- Koipady Location in Kerala, India
- Coordinates: 12°35′04″N 74°56′25″E﻿ / ﻿12.5845623°N 74.9403754°E
- Country: India
- State: Kerala
- District: Kasaragod
- Taluk: Manjeshwaram

Area
- • Total: 13.43 km^{2} (5.19 sq mi)

Population (2011)
- • Total: 18,121
- • Density: 1,349/km^{2} (3,495/sq mi)

Languages
- • Official: Malayalam, English
- Time zone: UTC+5:30 (IST)
- Vehicle registration: KL-14

= Koipady =

Koipady is a census town in Kasaragod district in the state of Kerala, India. Koipady is a part of Kumbla Grama Panchayat.

==Demographics==
As of the 2011 Census of India, Koipady census town had a population of 18,121, with 9,012 males and 9,109 females.
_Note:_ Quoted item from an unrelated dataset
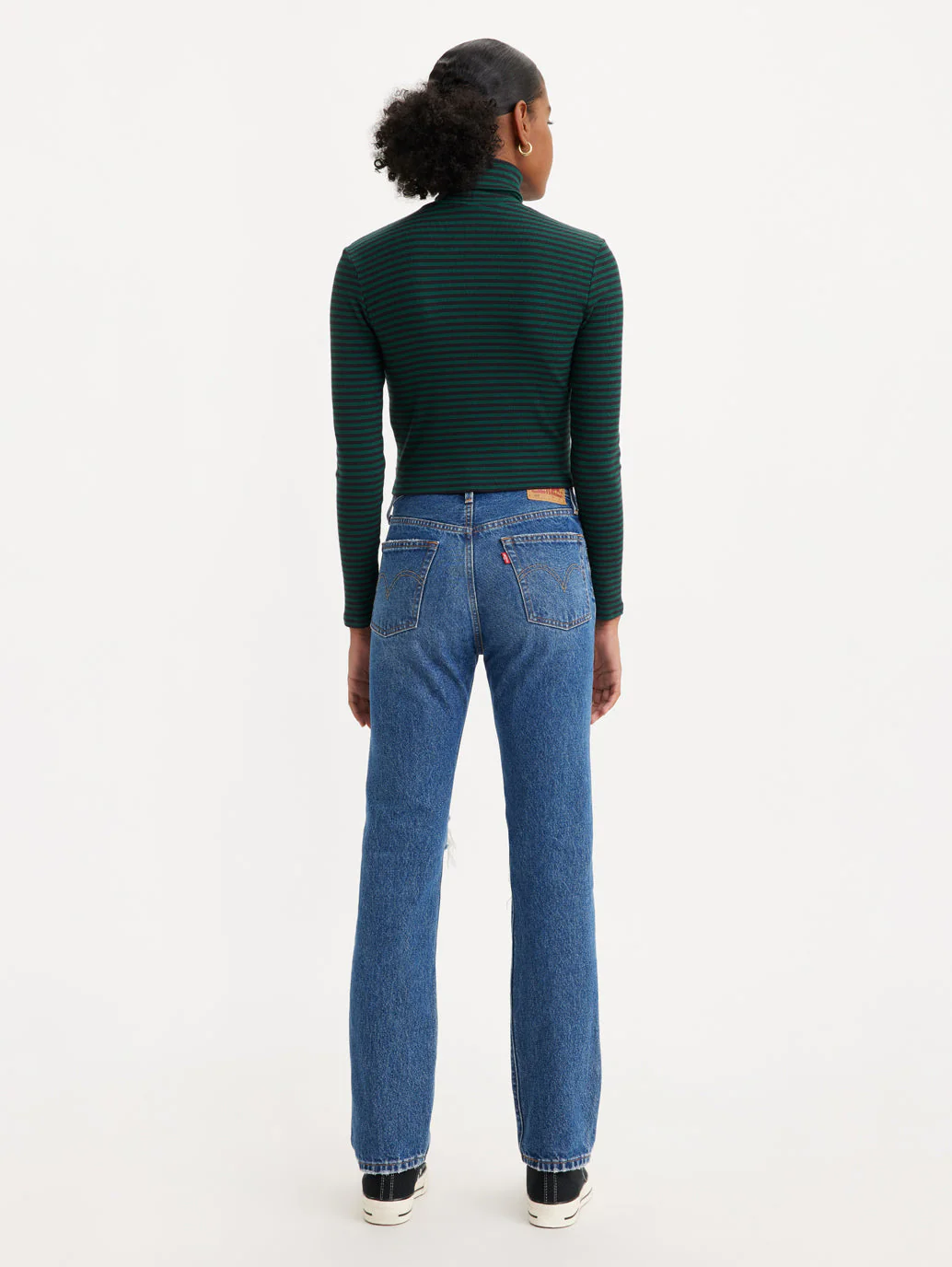 Women's 501 Blue Straight Fit High Rise Jeans - Image 2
The female sex ratio was 1011 against state average of 1084. The total number of households was 3,541 in the town limits.

The population of children in the age group 0-6 was 2,006 which accounts for 11.07% of the total population. The child sex ratio was 933 compared to state average of 964. The literacy rate of Koipady town was 90% lower compared to state average of 94%. Male literacy stood at 93.86%, while female literacy was 86.23%.